Kappel, Chesterfield’s former longtime director of public affairs, recalled immediately being impressed with Santacoloma, highlighting his intelligence.
“Juan has become a tremendous asset to the county and to the Hispanic community in particular,” Kappel said.
Kappel, a U.S. Marine who retired from his county position in 2014, said ultimately creating the Multicultural Services department with his team is one of his greatest accomplishments to look back on because “it made a difference and I think it made a difference in a positive way.”
However, over the years both Kappel and Santacoloma dealt firsthand with criticism about creating the department.
Santacoloma received complaints from both county employees and residents. Over the years, he has received several phone calls from residents questioning why their taxpayer money is funding his job.
County employees have said to him, “What are you doing here? How is it possible the county is paying you? They need to spend your salary on different things,” Santacoloma said.
Kappel remembers hearing people ask, “Why are we doing this?”
Kappel told those with dissenting views to put themselves in someone else’s shoes — someone who doesn’t speak English or know how to navigate a governmental system.
Santacoloma’s oldest daughter, Maria, experienced racism while attending Cosby High School in Midlothian. A group of male students called Maria “Mexican Pocahontas.”

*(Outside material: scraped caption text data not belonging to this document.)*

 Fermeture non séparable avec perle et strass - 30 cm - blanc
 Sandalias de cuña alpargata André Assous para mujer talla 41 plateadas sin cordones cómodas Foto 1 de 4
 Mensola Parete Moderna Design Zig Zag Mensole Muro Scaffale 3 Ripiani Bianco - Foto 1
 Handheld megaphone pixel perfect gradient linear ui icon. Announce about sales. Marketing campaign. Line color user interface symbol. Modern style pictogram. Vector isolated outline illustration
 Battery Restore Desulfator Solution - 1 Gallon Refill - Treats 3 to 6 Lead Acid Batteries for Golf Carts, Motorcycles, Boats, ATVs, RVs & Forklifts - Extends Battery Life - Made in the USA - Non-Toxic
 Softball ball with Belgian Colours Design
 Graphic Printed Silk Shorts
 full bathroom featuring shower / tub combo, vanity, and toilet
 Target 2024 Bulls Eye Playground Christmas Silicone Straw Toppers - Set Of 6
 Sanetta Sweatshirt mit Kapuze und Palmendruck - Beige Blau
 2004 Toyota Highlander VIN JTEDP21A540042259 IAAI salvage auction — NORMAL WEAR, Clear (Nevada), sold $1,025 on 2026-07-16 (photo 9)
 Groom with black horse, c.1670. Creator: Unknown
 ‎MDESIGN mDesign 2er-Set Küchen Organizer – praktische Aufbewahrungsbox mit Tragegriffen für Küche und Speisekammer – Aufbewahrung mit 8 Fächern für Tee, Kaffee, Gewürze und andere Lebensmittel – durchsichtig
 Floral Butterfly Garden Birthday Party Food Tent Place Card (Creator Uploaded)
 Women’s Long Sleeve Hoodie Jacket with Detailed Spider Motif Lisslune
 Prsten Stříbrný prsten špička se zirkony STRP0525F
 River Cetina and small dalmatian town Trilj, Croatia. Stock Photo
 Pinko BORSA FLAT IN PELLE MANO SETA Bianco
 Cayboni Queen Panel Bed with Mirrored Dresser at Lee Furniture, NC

“The same day she came home crying and said that ‘I don’t cry because they call me Pocahontas. Because I know who Pocahontas was. I cry because they are calling me Mexican. I’m not Mexican. I’m Colombian, and I am proud to be Colombian,’” Santacoloma recalled.
Part of his job is to educate about Latino culture, including getting rid of the notion that all Latinos are Mexican, something Santacoloma says he sees a lot.
“Latinos, we are talking about more than 25 different countries,” he said. “Maybe with one thing in common: We all speak Spanish. We have different customs, celebrations, etc.”